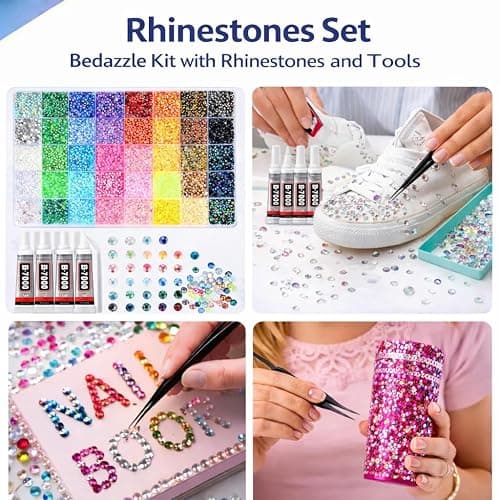 Badazzle Kit 40 Colors 35000PCS Bedazzled Kits Resin Jelly Flatback Rhinestones, Book Bedazzling Kit Bazzling Kits Small Gems with Tools Bedazzle Gems for Bedazzling Crafts & DIY Projects for Adults thumbnail 5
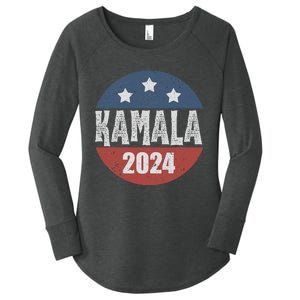 Kamala Harris 2024 For President Campaign Democrats Election Women's Perfect Tri Tunic Long Sleeve Shirt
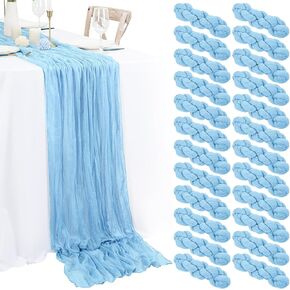 24 Pack Cheesecloth Table Runner 35 x 70 inch Boho Rustic Romantic Gauze Table Runner Cheese Cloth Table Runner for Wedding Bridal Shower Birthday Party Table Decor (Beige)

○ ○ ○

WORK ITEM | Please set down the whole listing above exactly and skip every picture.

ANSWER BOX |
 Badazzle Kit 40 Colors 35000PCS Bedazzled Kits Resin Jelly Flatback Rhinestones, Book Bedazzling Kit Bazzling Kits Small Gems with Tools Bedazzle Gems for Bedazzling Crafts & DIY Projects for Adults thumbnail 5
 Kamala Harris 2024 For President Campaign Democrats Election Women's Perfect Tri Tunic Long Sleeve Shirt
 24 Pack Cheesecloth Table Runner 35 x 70 inch Boho Rustic Romantic Gauze Table Runner Cheese Cloth Table Runner for Wedding Bridal Shower Birthday Party Table Decor (Beige)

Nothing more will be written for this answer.